How Python's GIL actually works (and when it bites you)
Hello, I'm Maneshwar. I'm building git-lrc, a Micro AI code reviewer that runs on every commit. It is free and source-available on Github. Star Us to help devs discover the project. Do give it a try and share your feedback for improving the product.
I remember the first time the GIL ruined my evening.
I was working on FreeDevTools and had a script that needed to parse, validate, and rewrite metadata for a few hundred thousand small markdown files and finally stores it into sqlite DB.
The bulk of my work was pure Python, a lot of looping, dictionary lookups, string concatenation, and small object churn. No NumPy, no Pillow, no native libraries doing the heavy lifting.
The single-threaded version was going to take forever, so I did what any reasonable person would do, I threw threads at it.
Eight worker threads. Should be a lot faster, right?
It was the same speed. Maybe a hair slower. I stared at the terminal for a solid minute thinking I'd done something wrong.
I had not done something wrong. I had met the GIL.
So what is it
GIL stands for Global Interpreter Lock.
The short version: it's a lock inside CPython (the standard Python you almost certainly use) that ensures only one thread executes Python bytecode at a time, within a single interpreter.
That word "bytecode" is doing a lot of work, and we'll come back to it.
For now, the simple version is: even if your laptop has 16 cores and you spin up 50 threads, only one of those threads is running Python code at any given instant. The rest are waiting their turn.
The threads do take turns.
CPython periodically gives other waiting threads a chance to acquire the GIL (the interval is 5 ms by default, tunable via sys.setswitchinterval()).
The actual handoff happens at the next safe point in the bytecode evaluation loop, so things look concurrent, even though no two threads are executing Python in parallel.
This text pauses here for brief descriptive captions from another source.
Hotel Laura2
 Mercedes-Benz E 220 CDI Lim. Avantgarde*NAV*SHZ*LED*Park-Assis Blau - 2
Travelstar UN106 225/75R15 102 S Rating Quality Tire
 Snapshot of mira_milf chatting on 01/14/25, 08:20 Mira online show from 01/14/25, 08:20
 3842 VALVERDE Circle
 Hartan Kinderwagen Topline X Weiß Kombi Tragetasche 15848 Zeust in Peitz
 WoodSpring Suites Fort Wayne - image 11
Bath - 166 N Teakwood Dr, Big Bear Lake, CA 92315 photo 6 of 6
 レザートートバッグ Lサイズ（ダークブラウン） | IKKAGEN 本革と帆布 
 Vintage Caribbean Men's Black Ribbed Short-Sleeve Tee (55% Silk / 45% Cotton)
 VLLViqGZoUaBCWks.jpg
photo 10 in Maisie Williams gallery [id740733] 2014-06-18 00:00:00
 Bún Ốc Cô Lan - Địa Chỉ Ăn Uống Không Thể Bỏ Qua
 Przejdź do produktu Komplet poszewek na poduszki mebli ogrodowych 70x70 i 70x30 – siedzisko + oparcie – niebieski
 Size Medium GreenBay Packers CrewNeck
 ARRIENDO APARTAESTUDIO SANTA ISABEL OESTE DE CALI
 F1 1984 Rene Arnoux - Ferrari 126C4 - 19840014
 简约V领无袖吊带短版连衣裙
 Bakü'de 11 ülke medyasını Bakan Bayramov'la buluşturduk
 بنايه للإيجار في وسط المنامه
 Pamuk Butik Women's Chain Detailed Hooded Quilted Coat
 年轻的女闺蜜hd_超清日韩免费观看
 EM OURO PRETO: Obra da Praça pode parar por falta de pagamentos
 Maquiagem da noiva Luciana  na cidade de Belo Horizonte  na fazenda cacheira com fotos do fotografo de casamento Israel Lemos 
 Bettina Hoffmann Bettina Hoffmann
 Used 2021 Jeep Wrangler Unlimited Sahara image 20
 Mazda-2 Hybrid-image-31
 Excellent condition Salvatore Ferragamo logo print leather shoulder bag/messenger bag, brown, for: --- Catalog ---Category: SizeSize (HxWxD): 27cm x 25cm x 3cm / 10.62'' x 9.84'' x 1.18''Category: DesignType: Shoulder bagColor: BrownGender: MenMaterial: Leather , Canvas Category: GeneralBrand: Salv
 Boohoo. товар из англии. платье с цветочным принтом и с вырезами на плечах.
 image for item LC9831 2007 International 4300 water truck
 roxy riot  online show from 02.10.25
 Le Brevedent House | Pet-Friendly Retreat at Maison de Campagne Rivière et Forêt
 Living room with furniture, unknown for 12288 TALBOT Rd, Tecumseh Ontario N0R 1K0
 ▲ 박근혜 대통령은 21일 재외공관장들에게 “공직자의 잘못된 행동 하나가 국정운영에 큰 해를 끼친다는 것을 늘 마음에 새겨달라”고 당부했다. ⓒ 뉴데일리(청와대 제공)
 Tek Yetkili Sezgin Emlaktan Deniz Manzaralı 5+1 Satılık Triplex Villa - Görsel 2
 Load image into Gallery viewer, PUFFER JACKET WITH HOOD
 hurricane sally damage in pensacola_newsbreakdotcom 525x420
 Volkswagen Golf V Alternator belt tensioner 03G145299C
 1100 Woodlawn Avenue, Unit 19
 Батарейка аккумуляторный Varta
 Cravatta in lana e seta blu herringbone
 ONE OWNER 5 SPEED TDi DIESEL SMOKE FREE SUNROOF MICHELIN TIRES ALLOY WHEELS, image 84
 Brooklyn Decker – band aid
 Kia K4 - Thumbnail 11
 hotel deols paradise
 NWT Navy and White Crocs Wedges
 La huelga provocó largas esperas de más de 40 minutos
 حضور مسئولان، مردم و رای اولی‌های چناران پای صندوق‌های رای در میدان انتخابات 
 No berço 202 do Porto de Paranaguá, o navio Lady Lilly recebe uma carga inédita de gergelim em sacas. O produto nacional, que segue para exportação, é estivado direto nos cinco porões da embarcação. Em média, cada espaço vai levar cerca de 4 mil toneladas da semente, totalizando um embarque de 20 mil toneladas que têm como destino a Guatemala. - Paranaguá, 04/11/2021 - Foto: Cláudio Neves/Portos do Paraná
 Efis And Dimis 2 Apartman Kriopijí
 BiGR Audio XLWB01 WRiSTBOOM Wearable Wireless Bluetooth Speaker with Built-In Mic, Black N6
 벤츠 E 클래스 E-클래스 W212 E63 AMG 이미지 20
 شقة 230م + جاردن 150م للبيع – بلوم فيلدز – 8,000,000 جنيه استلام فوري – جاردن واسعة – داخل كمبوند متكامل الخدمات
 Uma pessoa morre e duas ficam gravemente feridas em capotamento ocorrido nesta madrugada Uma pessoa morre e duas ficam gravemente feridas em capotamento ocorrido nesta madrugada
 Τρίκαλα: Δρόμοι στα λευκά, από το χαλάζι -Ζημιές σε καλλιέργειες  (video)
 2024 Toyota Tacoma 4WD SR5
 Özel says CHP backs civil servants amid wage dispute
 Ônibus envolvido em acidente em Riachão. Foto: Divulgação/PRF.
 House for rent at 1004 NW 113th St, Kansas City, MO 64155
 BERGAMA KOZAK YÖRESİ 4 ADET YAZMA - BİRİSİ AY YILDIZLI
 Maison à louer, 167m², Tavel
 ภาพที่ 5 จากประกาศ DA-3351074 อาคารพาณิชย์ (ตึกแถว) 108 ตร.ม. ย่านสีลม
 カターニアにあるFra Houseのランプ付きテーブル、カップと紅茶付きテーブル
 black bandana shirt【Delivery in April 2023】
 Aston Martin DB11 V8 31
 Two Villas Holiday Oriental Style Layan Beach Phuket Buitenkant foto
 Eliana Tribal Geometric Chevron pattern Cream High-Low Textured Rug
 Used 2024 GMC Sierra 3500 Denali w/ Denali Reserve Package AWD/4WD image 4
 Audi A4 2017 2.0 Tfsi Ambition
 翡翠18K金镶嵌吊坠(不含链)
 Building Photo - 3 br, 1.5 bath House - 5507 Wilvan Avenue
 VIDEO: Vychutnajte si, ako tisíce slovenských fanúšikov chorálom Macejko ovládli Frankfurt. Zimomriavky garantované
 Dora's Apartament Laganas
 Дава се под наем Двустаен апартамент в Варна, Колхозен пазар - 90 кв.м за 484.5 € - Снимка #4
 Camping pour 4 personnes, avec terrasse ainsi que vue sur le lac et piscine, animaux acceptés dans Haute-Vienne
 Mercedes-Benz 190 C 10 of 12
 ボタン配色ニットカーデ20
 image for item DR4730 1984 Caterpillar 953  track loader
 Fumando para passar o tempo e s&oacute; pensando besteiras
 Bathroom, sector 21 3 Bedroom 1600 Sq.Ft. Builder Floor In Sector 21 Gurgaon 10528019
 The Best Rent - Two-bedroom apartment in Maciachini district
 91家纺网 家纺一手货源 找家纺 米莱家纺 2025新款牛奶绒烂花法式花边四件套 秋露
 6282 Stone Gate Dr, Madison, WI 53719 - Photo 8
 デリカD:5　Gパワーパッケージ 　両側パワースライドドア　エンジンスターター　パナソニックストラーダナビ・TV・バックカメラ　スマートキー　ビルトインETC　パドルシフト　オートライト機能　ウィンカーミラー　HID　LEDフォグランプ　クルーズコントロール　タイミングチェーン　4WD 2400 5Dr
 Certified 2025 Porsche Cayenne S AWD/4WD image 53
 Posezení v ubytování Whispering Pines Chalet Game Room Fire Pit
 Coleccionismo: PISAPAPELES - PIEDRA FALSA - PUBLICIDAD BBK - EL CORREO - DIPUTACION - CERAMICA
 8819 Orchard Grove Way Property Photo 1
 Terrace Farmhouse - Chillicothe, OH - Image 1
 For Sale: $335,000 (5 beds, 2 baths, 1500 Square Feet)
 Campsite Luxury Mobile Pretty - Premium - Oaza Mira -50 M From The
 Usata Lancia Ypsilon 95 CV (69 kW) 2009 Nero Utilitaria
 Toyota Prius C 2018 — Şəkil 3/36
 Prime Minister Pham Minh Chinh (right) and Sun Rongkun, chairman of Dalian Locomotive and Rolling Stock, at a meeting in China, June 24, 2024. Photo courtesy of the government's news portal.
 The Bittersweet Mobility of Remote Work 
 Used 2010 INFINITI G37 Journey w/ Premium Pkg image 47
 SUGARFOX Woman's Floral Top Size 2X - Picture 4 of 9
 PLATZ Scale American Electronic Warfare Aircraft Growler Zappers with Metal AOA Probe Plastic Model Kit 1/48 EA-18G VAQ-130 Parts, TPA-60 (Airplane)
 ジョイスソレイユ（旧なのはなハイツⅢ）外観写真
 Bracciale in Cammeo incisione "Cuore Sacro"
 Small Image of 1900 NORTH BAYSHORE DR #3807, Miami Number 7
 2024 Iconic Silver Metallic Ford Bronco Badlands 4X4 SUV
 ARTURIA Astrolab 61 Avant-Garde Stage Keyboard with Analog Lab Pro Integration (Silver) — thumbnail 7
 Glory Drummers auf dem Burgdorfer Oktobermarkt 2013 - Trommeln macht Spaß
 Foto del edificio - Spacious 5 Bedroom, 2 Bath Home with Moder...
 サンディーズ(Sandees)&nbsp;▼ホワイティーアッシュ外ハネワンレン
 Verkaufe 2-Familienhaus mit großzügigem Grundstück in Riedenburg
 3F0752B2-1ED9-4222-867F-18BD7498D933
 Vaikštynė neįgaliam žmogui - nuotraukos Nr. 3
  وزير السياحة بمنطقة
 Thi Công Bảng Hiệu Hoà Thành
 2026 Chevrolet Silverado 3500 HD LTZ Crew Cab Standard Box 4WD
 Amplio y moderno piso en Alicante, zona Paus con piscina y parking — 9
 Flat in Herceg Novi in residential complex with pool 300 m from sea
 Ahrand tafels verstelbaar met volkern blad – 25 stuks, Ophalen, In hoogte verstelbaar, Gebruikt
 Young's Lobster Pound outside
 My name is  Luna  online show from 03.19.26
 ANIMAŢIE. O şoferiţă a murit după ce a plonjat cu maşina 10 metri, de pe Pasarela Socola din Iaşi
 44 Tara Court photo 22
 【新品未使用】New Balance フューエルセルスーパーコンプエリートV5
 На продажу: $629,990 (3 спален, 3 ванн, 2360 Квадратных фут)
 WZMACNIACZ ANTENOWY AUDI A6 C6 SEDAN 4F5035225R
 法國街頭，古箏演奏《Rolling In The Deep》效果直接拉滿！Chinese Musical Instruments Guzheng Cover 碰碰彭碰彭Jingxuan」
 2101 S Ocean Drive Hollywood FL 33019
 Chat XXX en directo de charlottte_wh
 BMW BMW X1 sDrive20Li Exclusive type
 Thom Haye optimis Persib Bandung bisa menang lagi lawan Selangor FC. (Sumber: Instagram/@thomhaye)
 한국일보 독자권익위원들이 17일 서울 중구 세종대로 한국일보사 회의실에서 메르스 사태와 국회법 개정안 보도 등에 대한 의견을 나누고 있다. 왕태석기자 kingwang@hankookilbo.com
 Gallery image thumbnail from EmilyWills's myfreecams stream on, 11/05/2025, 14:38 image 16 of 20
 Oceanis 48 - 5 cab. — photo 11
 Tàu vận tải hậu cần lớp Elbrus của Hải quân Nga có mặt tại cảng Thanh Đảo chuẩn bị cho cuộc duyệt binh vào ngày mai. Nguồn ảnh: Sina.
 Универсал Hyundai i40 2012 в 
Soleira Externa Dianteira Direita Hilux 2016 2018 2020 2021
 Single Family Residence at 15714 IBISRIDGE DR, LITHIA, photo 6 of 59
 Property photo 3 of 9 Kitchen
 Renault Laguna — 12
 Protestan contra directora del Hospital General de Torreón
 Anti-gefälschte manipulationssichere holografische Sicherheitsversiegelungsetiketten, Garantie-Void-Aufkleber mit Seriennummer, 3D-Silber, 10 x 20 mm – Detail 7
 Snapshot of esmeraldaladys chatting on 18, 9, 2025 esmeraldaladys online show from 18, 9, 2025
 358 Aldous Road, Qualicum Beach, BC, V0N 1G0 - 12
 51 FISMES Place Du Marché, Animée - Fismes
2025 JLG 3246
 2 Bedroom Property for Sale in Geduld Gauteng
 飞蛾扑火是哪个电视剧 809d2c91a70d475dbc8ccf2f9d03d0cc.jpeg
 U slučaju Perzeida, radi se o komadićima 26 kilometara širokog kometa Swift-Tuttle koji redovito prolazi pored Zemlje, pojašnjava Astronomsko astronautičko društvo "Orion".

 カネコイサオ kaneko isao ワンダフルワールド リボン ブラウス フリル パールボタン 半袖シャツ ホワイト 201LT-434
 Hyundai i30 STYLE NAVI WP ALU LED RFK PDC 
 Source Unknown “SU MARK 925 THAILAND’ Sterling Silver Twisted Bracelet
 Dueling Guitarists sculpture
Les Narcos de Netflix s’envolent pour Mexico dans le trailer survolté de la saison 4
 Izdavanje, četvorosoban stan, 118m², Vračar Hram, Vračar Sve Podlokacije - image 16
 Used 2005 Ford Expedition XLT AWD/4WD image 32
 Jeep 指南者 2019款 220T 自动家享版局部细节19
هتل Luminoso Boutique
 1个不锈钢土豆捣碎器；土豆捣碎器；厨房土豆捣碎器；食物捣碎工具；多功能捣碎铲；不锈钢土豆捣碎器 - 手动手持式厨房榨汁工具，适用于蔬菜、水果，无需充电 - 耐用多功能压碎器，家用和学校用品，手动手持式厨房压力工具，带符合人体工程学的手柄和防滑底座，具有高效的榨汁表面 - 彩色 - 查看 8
An analogy: you can hire ten cooks, but if there's only one knife, nine of them are watching the tenth one chop onions. They can rotate, but they can't chop simultaneously (Unless one of the cooks leaves the kitchen to wait for ingredients, which is roughly what happens during blocking I/O.)
One important caveat before we go further: the GIL is a CPython thing.
Other Python runtimes like Jython and IronPython don't use the same GIL model, and modern CPython now also ships an experimental free-threaded build.
When people say "Python has a GIL," they really mean "the most common Python implementation has a GIL."
Why does this exist
Not because anyone was lazy. The GIL is a real engineering tradeoff.
Python primarily manages memory with reference counting, plus a cyclic garbage collector for reference cycles.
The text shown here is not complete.